Gojo nic nie odpowiadając, obrócił się znowu w stronę bruneta spoglądając na niego podejrzanie. To było pewne - nie miał do niego ani krzty zaufania, jednak znał go na tyle długo, by wiedzieć, że prawdopodobnie ma już obmyśloną jakąś strategię z wykorzystaniem nowego „asa" w jego kolekcji. Oczywiście natychmiastowo jego priorytetem stało się odkrycie zamiarów mężczyzny, jednak zdziwił się odczuwając też jakąś znikomą niechęć do wykorzystania (y/n).

— W porządku, ale co w takim razie z nią teraz zrobimy? — zapytał Satoru, zupełnie tak, jakby obiektu ich głośnych rozważań nie było w tym samym pomieszczeniu co oni. (y/n) początkowo chciała się wtrącić, jednak po chwili namysły postanowiła poczekać na swoją kolej, jedynie w zupełnej ciszy przewracając oczami.
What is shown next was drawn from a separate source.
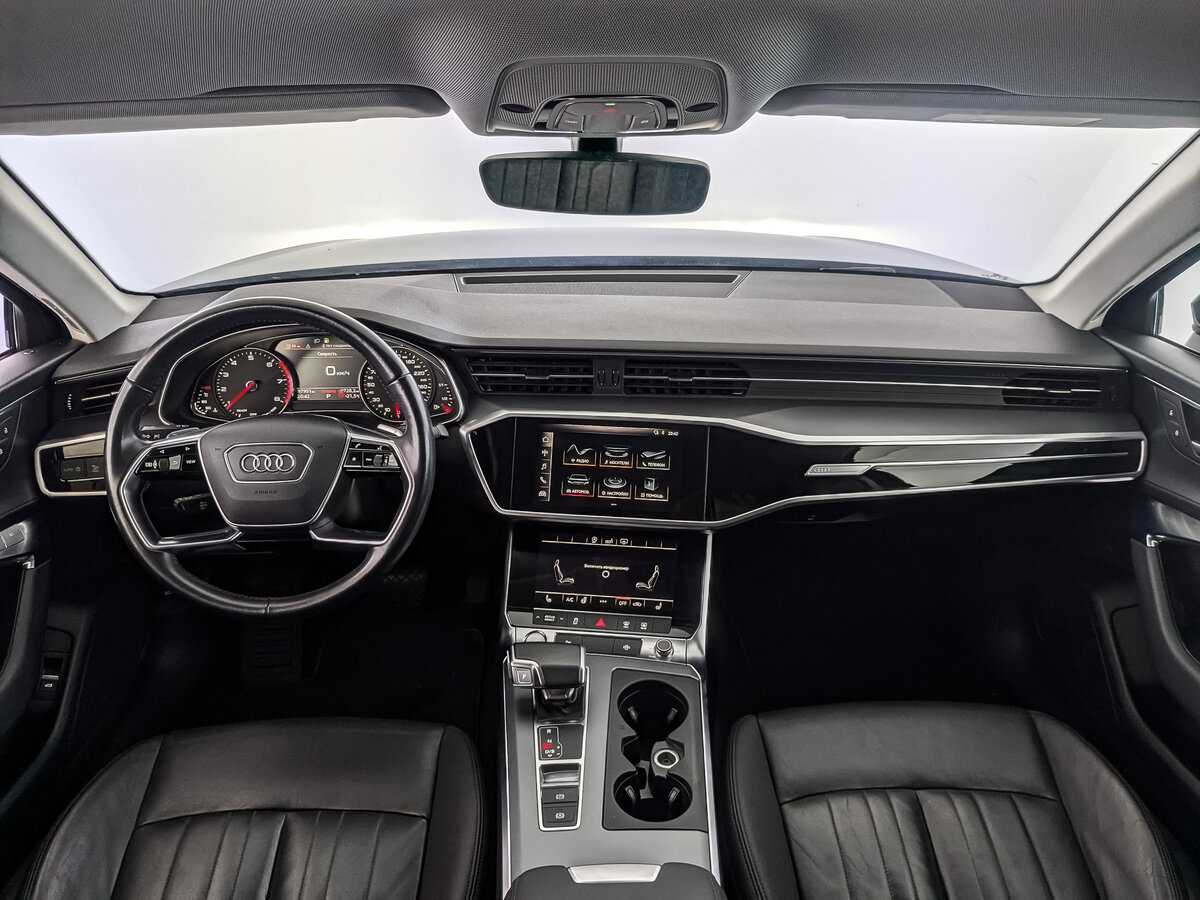 Audi A6 с пробегом — 2020 год. Фото: #9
— Czy ja wiem? — kontynuował jego postawę Masamichi, drapiąc się nieznacznie po karku — To w końcu twoja nowa żona, więc ty się nią zajmuj. A jeśli faktycznie jest klątwą, to pod żadnym pozorem nie możesz spuścić jej z oka — brunet w końcu przeniósł swoje czujne spojrzenie na kobietę, posyłając jej w ten sposób ostrzeżenie.

— Jeśli kiedykolwiek mieliście w zamiarze mnie zapytać, to osobiście też mi to pasuje. Na dodatek nie mam złych zamiarów — obroniła się, wzdychając męczeńsko i podnosząc dłonie na znak poddania.

— To już sami osądzimy, kochanie — przyznał niebieskooki, spoglądając na nią kątem oka z zaczepnym uśmiechem. Może małżeństwo nie było wcale takim złym pomysłem?